One can’t help being reminded of those James Bond movies where underneath a beach paradise an evil genius manufactures a bomb and threatens the world’s richest nations with annihilation unless they pay up. Does reality follow the movies? Alas, reality’s ending hangs in the balance, It’s not clear yet whether the hero will sail on with a pretty girl in tow into the sunset.
It has taken time for the US armed forces to determine what to do with those missile cities. Buried under hundreds of meters of rock, they are impregnable by current issues of bombs. The strategy chosen is to strike and cover with debris entrances, exits and ventilation shafts, thus entombing the forces working underground and rendering the weapons kept there inaccessible inventories. Finding those egresses has been slow work; the underground fortresses were filled by the IRGC with false entrances and exits.

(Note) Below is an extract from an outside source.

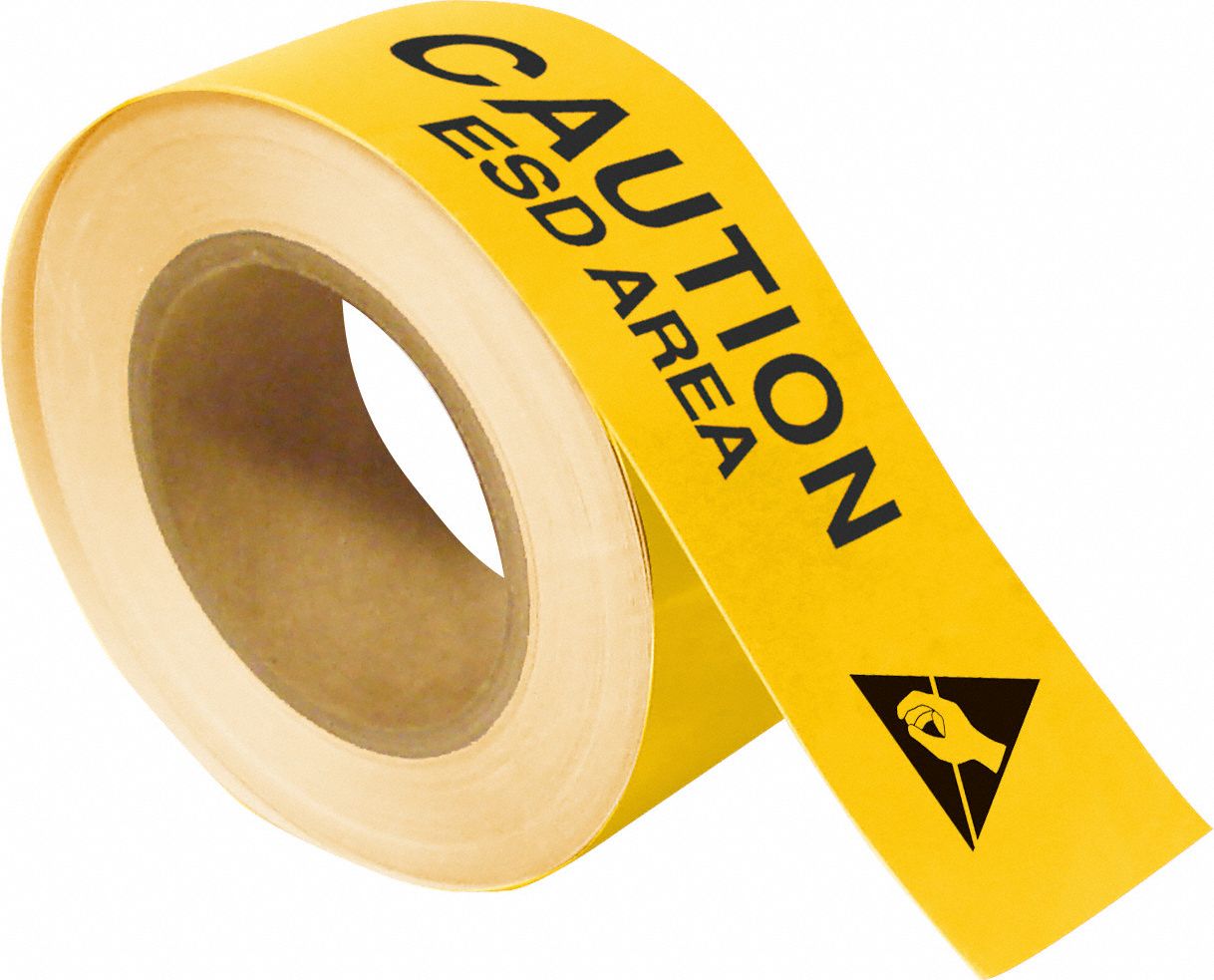 BRADY Floor Marking Tape Message, Message, Black/Yellow, Hazard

The underground fortresses do not all remain veritable tombs however. The IRGC has taken advantage of the ceasefire to bring out bulldozers to clear the stuck egresses of debris. An expert has estimated the missiles kept in the Hormuz underground fortresses to be around 1,000. There may be more as it is impossible to make an accurate count from outside. The Islamic Republic of Iran does not seem to be running out of missiles to strike Israel, neighbors in the Persian Gulf and US military bases in the Gulf and beyond in the Middle East.
There is a need for a better US strategy to deal with those underground fortresses. Ceasefires are not an effective element of a better strategy. They merely drag hostilities into attrition.

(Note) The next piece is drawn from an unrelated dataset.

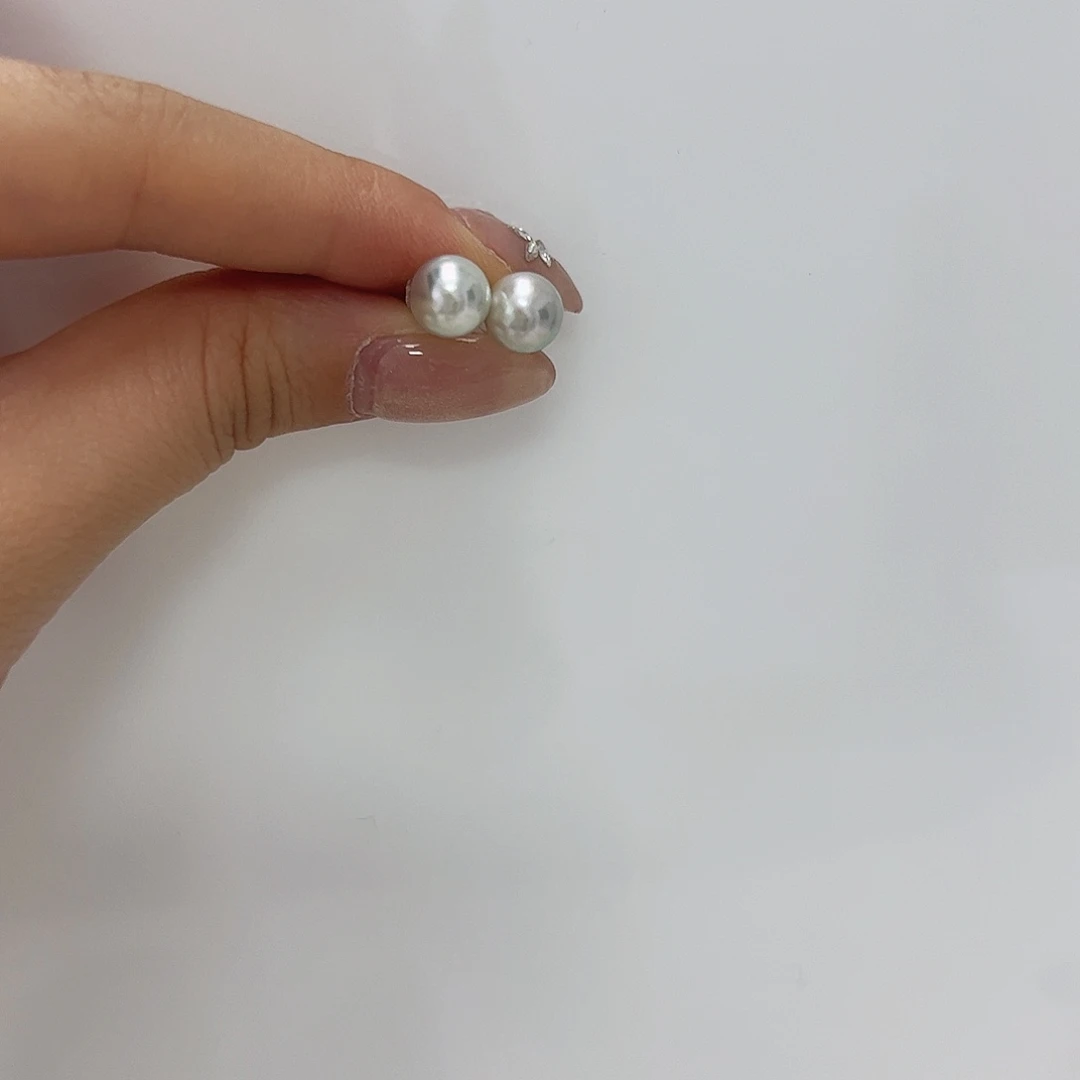 海水珍珠耳钉银S925镶嵌s s 203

A better strategy lies in action, whether in offense or defense. The brightest part of the Hormuz story so far is how the US joint forces dealt with the swarm of missile-firing fast boats emerging from those underground fortresses. The US Navy showed itself the strongest in the world not because it has the most ships but because it is supported by the most advanced yet relatively inexpensive technologies and by the coordinated support of other branches of the armed forces. Laser weapons on the destroyers blinded the sensors fired by the swarm and on the second layer of the operation fighter helicopters fired upon and annihilated the swarm with advanced and relatively inexpensive precision missiles. (The trend in modern warfare is toward effective yet inexpensive technologies and away from those costing millions of dollars that forces can own them only in limited quantities and hesitate to use them).
It is strange that a war that affects nearly the entirety of the planet and involves the violation of international law is sought to be settled by war or diplomacy between the two protagonists as if the war merely arose from conflicting interests of the protagonists. Ideally, violators of the law should go to prison. In the case of the Islamic Republic of Iran’s premeditated violation of international law in the Strait of Hormuz, regime change is the next best thing.